PROBLEM TO WORK ON — Reproduce the records below exactly from their first line through the line containing "Ruha- és kiegészítő", omitting all pictures.

Brief descriptive captions:
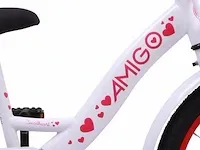 Amigo sweetheart meisjesfiets 18 inch met terugtraprem - kleur wit (109-180 crtns) - afbeelding 3 van  9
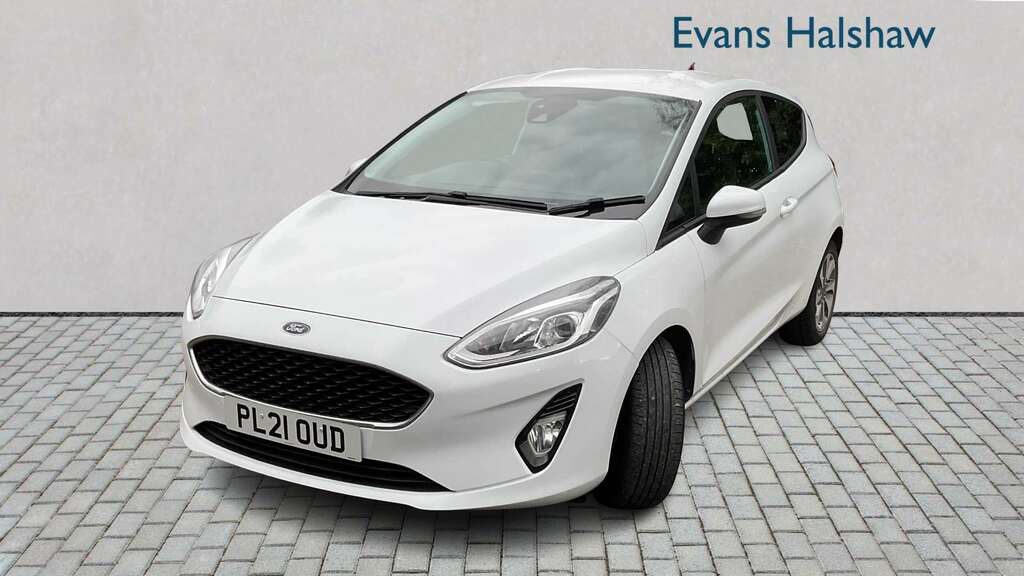 Ford Fiesta 1.0 Ecoboost 95 Trend 2021 PL21OUD White #2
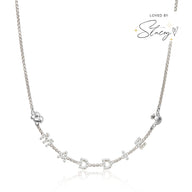 Pearl Custom Name Necklace (Silver)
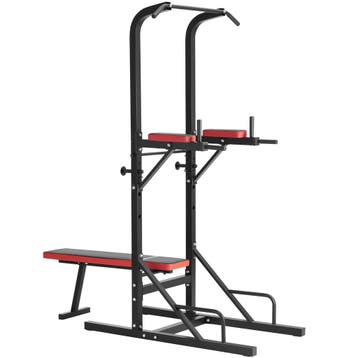 tectake Krachtstation Reeves - zwart, Verzenden, Nieuw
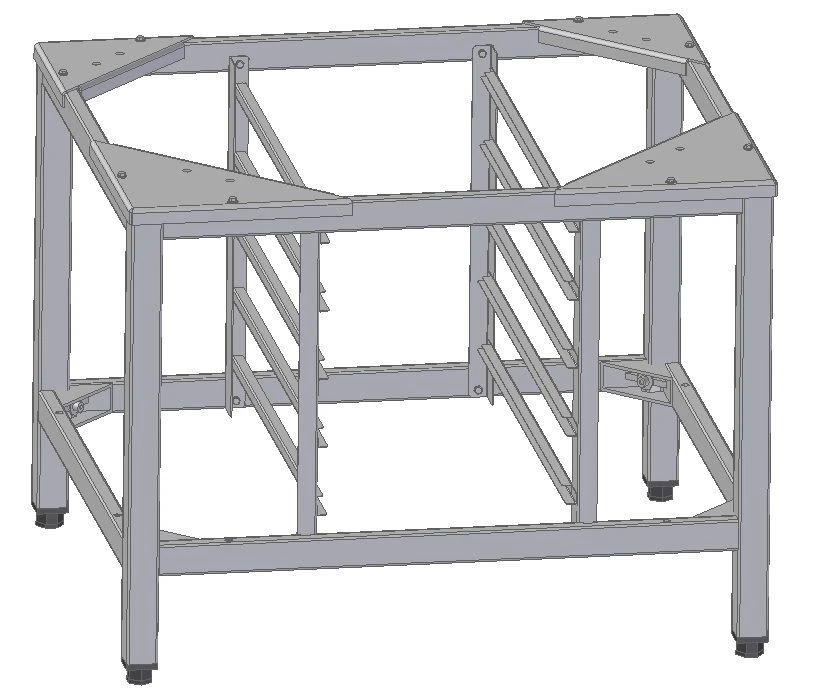 Support for installation of PK-10M-EC steam and convection apparatuses
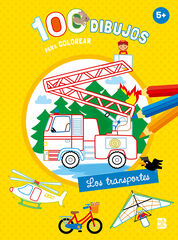 100 dibujos para colorear - los transportes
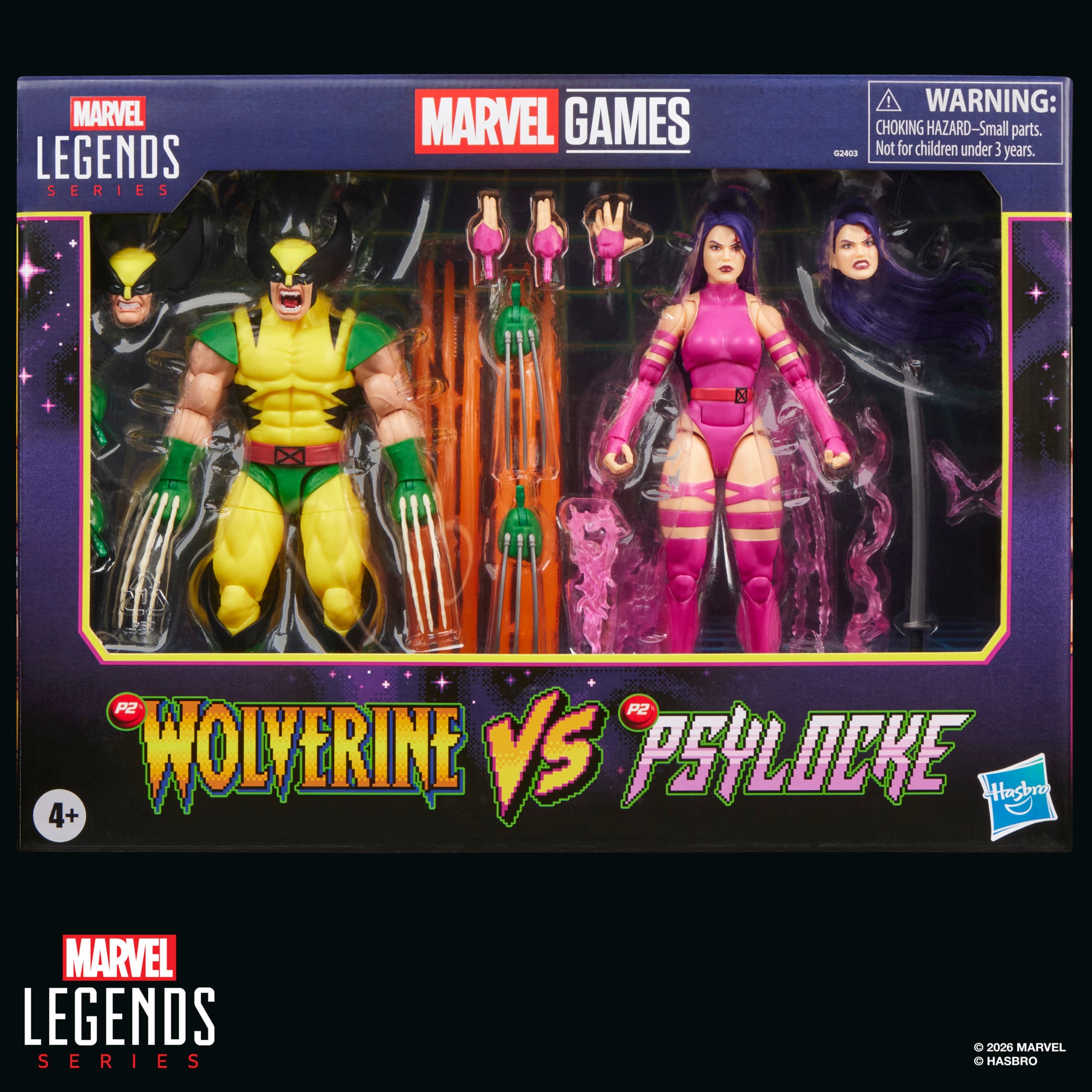 Marvel Legends Gamerverse Wolverine vs. Psylocke Action Figure Two-Pack Gallery Image 18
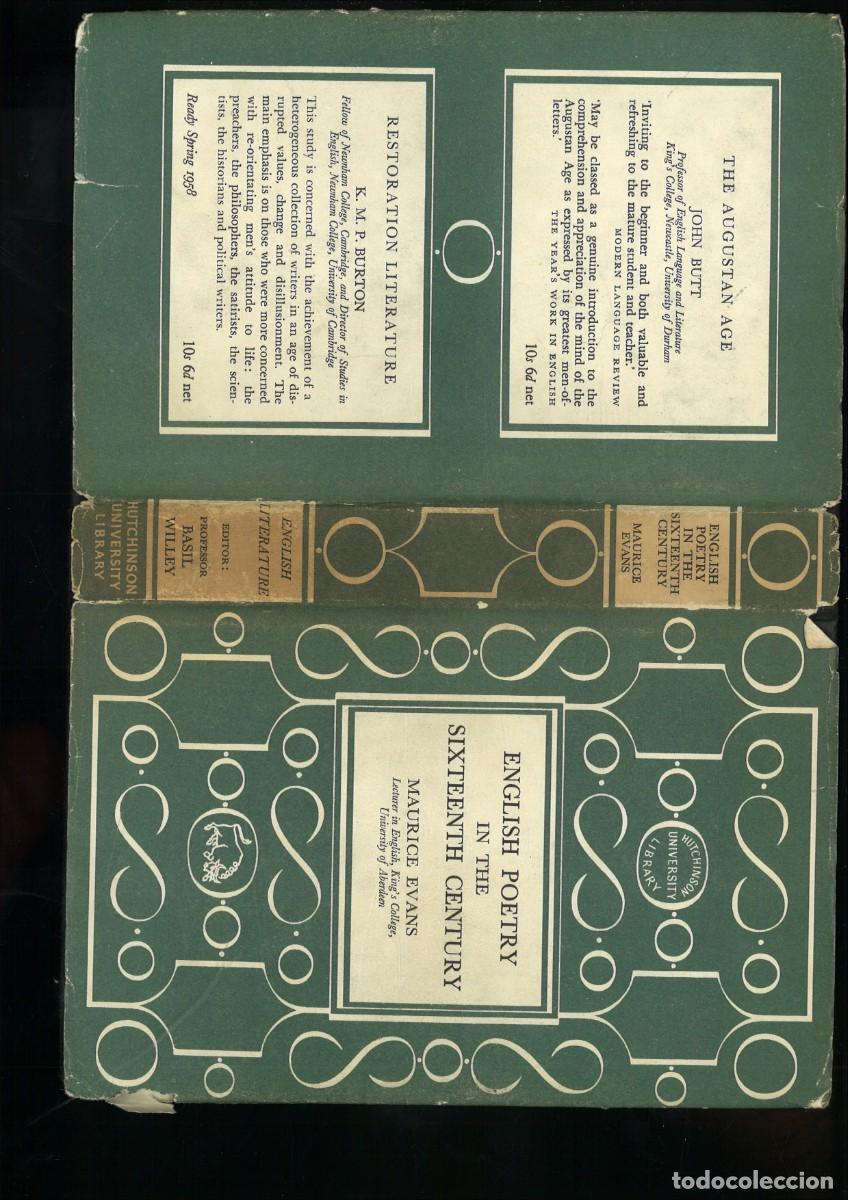 Libros de segunda mano: ENGLISH POETRY IN THE SIXTEENTH CENTURY. Maurice Evans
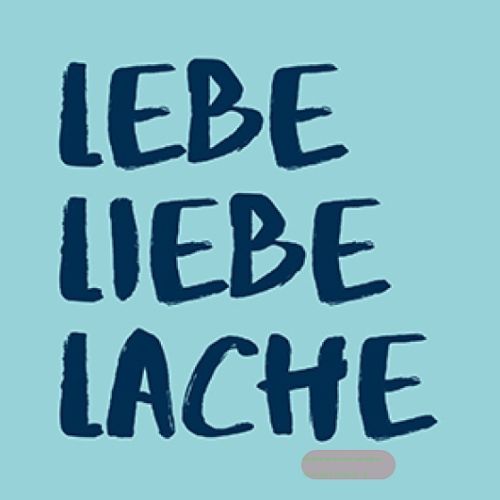 Bild von Servietten 25x25cm, Atelier Cocktail Lebe, liebe sky - VE 6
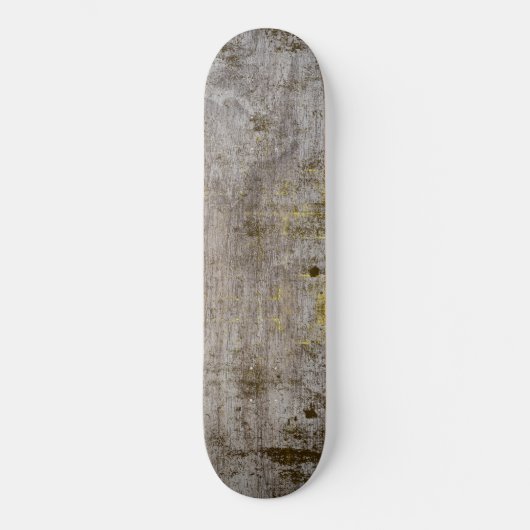 Grunge Wood Texture Skateboard (Vorderseite)
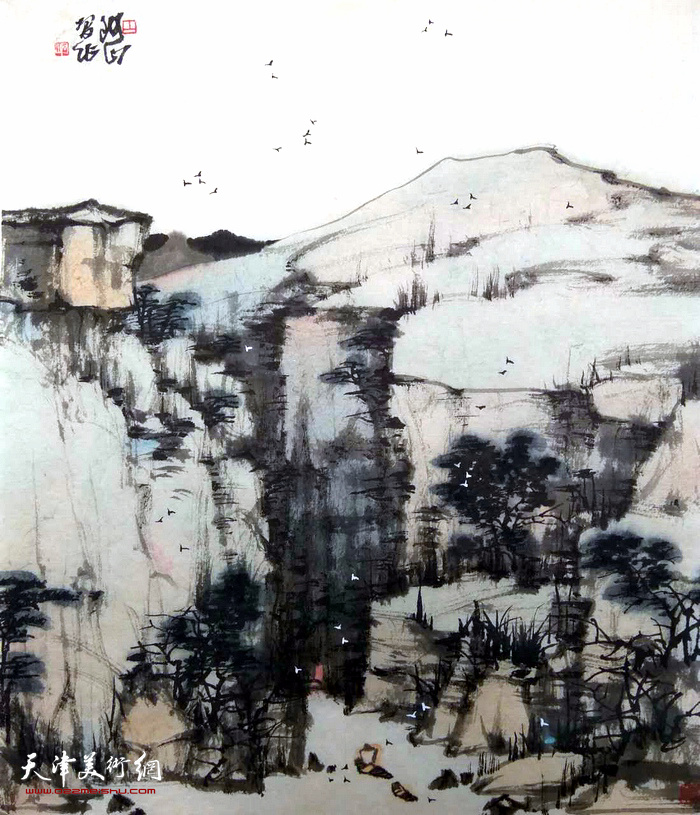 董铁山山水画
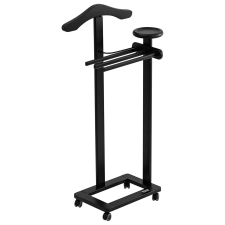  Ruha- és kiegészítő állvány, Arredamenti Italia, Antimo, fekete bútor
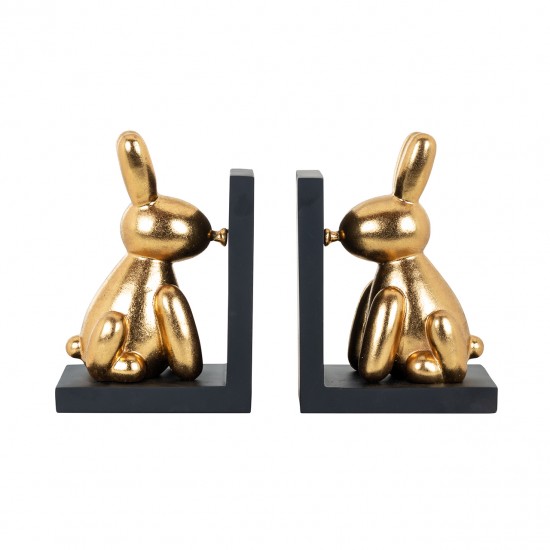 Boekenstandaard Cony (Black/gold)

REPLY —
 Amigo sweetheart meisjesfiets 18 inch met terugtraprem - kleur wit (109-180 crtns) - afbeelding 3 van  9
 Ford Fiesta 1.0 Ecoboost 95 Trend 2021 PL21OUD White #2
 Pearl Custom Name Necklace (Silver)
 tectake Krachtstation Reeves - zwart, Verzenden, Nieuw
 Support for installation of PK-10M-EC steam and convection apparatuses
 100 dibujos para colorear - los transportes
 Marvel Legends Gamerverse Wolverine vs. Psylocke Action Figure Two-Pack Gallery Image 18
 Libros de segunda mano: ENGLISH POETRY IN THE SIXTEENTH CENTURY. Maurice Evans
 Bild von Servietten 25x25cm, Atelier Cocktail Lebe, liebe sky - VE 6
 Grunge Wood Texture Skateboard (Vorderseite)
 董铁山山水画
  Ruha- és kiegészítő állvány, Arredamenti Italia, Antimo, fekete bútor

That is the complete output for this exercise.